» Aim of the task:
Your answer should be the exact lines of the data below from the one containing "throughout the world" through the one containing "画像: JOHNNY MANN"; please include nothing else.

» Records to use:
┌────────
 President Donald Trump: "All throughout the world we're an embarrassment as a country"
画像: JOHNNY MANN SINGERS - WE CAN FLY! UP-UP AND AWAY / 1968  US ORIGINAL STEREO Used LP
└────────
┌────────
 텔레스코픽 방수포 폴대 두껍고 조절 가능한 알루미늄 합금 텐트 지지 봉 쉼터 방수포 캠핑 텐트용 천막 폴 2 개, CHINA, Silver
└────────
» Exercise solution:
 President Donald Trump: "All throughout the world we're an embarrassment as a country"
画像: JOHNNY MANN SINGERS - WE CAN FLY! UP-UP AND AWAY / 1968  US ORIGINAL STEREO Used LP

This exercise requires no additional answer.